_PROBLEM TO WORK ON_
An exact copy of all the data below is required.

[Caption-style text data]

^^^^^^^^^^^^^^^^

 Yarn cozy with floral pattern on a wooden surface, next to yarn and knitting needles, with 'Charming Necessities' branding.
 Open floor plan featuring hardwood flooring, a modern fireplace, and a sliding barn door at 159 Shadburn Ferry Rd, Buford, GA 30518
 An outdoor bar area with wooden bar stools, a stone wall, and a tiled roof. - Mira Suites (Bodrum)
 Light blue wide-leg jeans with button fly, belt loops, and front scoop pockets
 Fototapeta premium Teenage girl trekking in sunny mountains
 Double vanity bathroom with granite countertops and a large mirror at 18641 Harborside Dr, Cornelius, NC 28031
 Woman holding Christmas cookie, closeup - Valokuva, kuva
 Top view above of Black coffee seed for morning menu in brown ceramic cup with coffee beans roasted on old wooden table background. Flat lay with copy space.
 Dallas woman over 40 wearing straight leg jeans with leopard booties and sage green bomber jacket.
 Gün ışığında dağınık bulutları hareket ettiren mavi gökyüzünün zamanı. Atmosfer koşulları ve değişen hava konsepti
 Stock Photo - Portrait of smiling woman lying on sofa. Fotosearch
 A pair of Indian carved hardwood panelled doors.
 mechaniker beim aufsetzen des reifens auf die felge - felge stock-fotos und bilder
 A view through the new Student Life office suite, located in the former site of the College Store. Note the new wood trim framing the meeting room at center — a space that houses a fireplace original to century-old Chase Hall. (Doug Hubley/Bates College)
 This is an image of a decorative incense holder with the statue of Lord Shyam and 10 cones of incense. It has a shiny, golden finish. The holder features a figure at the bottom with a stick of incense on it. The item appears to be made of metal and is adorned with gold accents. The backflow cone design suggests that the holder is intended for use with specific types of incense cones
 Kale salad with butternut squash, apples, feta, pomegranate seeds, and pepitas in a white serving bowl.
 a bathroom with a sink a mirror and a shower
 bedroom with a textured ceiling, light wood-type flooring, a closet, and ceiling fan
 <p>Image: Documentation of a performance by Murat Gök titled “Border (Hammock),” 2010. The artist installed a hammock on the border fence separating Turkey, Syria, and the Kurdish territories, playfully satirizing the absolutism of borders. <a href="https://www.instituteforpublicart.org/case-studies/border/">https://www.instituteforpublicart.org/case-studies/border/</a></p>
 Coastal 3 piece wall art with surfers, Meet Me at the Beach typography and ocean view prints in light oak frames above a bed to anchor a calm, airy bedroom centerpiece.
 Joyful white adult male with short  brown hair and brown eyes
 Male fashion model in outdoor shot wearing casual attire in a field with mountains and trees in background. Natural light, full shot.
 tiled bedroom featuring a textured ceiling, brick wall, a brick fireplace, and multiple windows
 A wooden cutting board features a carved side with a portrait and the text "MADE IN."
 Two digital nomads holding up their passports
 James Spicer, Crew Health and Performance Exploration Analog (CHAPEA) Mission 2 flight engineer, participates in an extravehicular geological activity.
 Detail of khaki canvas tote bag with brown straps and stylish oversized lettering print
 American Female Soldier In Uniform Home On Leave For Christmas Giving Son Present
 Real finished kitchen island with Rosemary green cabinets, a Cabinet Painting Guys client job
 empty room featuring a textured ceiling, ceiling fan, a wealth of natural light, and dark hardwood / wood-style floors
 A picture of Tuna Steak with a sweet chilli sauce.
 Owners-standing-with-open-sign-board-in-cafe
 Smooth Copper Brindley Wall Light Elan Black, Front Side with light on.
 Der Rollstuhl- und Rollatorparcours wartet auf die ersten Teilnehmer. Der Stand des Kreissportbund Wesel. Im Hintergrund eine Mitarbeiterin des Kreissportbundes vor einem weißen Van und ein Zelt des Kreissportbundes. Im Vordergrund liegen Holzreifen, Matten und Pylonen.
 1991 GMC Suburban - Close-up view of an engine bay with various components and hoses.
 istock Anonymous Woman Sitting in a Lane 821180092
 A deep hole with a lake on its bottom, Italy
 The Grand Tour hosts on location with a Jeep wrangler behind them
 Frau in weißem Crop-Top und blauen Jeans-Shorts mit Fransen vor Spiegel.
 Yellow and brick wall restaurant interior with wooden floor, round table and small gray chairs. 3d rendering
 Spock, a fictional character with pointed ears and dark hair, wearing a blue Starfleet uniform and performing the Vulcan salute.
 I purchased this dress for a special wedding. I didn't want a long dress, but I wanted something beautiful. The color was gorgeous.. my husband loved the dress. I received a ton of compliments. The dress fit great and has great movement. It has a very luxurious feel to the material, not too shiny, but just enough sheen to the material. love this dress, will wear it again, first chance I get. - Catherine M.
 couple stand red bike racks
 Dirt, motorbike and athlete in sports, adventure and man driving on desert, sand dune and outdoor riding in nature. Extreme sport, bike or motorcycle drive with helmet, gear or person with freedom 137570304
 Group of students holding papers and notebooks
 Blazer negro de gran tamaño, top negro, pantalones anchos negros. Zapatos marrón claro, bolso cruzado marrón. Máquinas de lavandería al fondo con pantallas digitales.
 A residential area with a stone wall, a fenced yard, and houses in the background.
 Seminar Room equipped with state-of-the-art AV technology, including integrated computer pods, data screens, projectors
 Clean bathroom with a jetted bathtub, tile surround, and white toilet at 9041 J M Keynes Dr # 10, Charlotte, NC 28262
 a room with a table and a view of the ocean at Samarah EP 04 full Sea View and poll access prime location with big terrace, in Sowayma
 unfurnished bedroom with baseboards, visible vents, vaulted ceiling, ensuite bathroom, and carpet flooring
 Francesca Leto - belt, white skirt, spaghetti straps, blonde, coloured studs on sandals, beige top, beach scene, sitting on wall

^^^^^^^^^^^^^^^^

_WRITTEN REPLY_
 Yarn cozy with floral pattern on a wooden surface, next to yarn and knitting needles, with 'Charming Necessities' branding.
 Open floor plan featuring hardwood flooring, a modern fireplace, and a sliding barn door at 159 Shadburn Ferry Rd, Buford, GA 30518
 An outdoor bar area with wooden bar stools, a stone wall, and a tiled roof. - Mira Suites (Bodrum)
 Light blue wide-leg jeans with button fly, belt loops, and front scoop pockets
 Fototapeta premium Teenage girl trekking in sunny mountains
 Double vanity bathroom with granite countertops and a large mirror at 18641 Harborside Dr, Cornelius, NC 28031
 Woman holding Christmas cookie, closeup - Valokuva, kuva
 Top view above of Black coffee seed for morning menu in brown ceramic cup with coffee beans roasted on old wooden table background. Flat lay with copy space.
 Dallas woman over 40 wearing straight leg jeans with leopard booties and sage green bomber jacket.
 Gün ışığında dağınık bulutları hareket ettiren mavi gökyüzünün zamanı. Atmosfer koşulları ve değişen hava konsepti
 Stock Photo - Portrait of smiling woman lying on sofa. Fotosearch
 A pair of Indian carved hardwood panelled doors.
 mechaniker beim aufsetzen des reifens auf die felge - felge stock-fotos und bilder
 A view through the new Student Life office suite, located in the former site of the College Store. Note the new wood trim framing the meeting room at center — a space that houses a fireplace original to century-old Chase Hall. (Doug Hubley/Bates College)
 This is an image of a decorative incense holder with the statue of Lord Shyam and 10 cones of incense. It has a shiny, golden finish. The holder features a figure at the bottom with a stick of incense on it. The item appears to be made of metal and is adorned with gold accents. The backflow cone design suggests that the holder is intended for use with specific types of incense cones
 Kale salad with butternut squash, apples, feta, pomegranate seeds, and pepitas in a white serving bowl.
 a bathroom with a sink a mirror and a shower
 bedroom with a textured ceiling, light wood-type flooring, a closet, and ceiling fan
 <p>Image: Documentation of a performance by Murat Gök titled “Border (Hammock),” 2010. The artist installed a hammock on the border fence separating Turkey, Syria, and the Kurdish territories, playfully satirizing the absolutism of borders. <a href="https://www.instituteforpublicart.org/case-studies/border/">https://www.instituteforpublicart.org/case-studies/border/</a></p>
 Coastal 3 piece wall art with surfers, Meet Me at the Beach typography and ocean view prints in light oak frames above a bed to anchor a calm, airy bedroom centerpiece.
 Joyful white adult male with short  brown hair and brown eyes
 Male fashion model in outdoor shot wearing casual attire in a field with mountains and trees in background. Natural light, full shot.
 tiled bedroom featuring a textured ceiling, brick wall, a brick fireplace, and multiple windows
 A wooden cutting board features a carved side with a portrait and the text "MADE IN."
 Two digital nomads holding up their passports
 James Spicer, Crew Health and Performance Exploration Analog (CHAPEA) Mission 2 flight engineer, participates in an extravehicular geological activity.
 Detail of khaki canvas tote bag with brown straps and stylish oversized lettering print
 American Female Soldier In Uniform Home On Leave For Christmas Giving Son Present
 Real finished kitchen island with Rosemary green cabinets, a Cabinet Painting Guys client job
 empty room featuring a textured ceiling, ceiling fan, a wealth of natural light, and dark hardwood / wood-style floors
 A picture of Tuna Steak with a sweet chilli sauce.
 Owners-standing-with-open-sign-board-in-cafe
 Smooth Copper Brindley Wall Light Elan Black, Front Side with light on.
 Der Rollstuhl- und Rollatorparcours wartet auf die ersten Teilnehmer. Der Stand des Kreissportbund Wesel. Im Hintergrund eine Mitarbeiterin des Kreissportbundes vor einem weißen Van und ein Zelt des Kreissportbundes. Im Vordergrund liegen Holzreifen, Matten und Pylonen.
 1991 GMC Suburban - Close-up view of an engine bay with various components and hoses.
 istock Anonymous Woman Sitting in a Lane 821180092
 A deep hole with a lake on its bottom, Italy
 The Grand Tour hosts on location with a Jeep wrangler behind them
 Frau in weißem Crop-Top und blauen Jeans-Shorts mit Fransen vor Spiegel.
 Yellow and brick wall restaurant interior with wooden floor, round table and small gray chairs. 3d rendering
 Spock, a fictional character with pointed ears and dark hair, wearing a blue Starfleet uniform and performing the Vulcan salute.
 I purchased this dress for a special wedding. I didn't want a long dress, but I wanted something beautiful. The color was gorgeous.. my husband loved the dress. I received a ton of compliments. The dress fit great and has great movement. It has a very luxurious feel to the material, not too shiny, but just enough sheen to the material. love this dress, will wear it again, first chance I get. - Catherine M.
 couple stand red bike racks
 Dirt, motorbike and athlete in sports, adventure and man driving on desert, sand dune and outdoor riding in nature. Extreme sport, bike or motorcycle drive with helmet, gear or person with freedom 137570304
 Group of students holding papers and notebooks
 Blazer negro de gran tamaño, top negro, pantalones anchos negros. Zapatos marrón claro, bolso cruzado marrón. Máquinas de lavandería al fondo con pantallas digitales.
 A residential area with a stone wall, a fenced yard, and houses in the background.
 Seminar Room equipped with state-of-the-art AV technology, including integrated computer pods, data screens, projectors
 Clean bathroom with a jetted bathtub, tile surround, and white toilet at 9041 J M Keynes Dr # 10, Charlotte, NC 28262
 a room with a table and a view of the ocean at Samarah EP 04 full Sea View and poll access prime location with big terrace, in Sowayma
 unfurnished bedroom with baseboards, visible vents, vaulted ceiling, ensuite bathroom, and carpet flooring
 Francesca Leto - belt, white skirt, spaghetti straps, blonde, coloured studs on sandals, beige top, beach scene, sitting on wall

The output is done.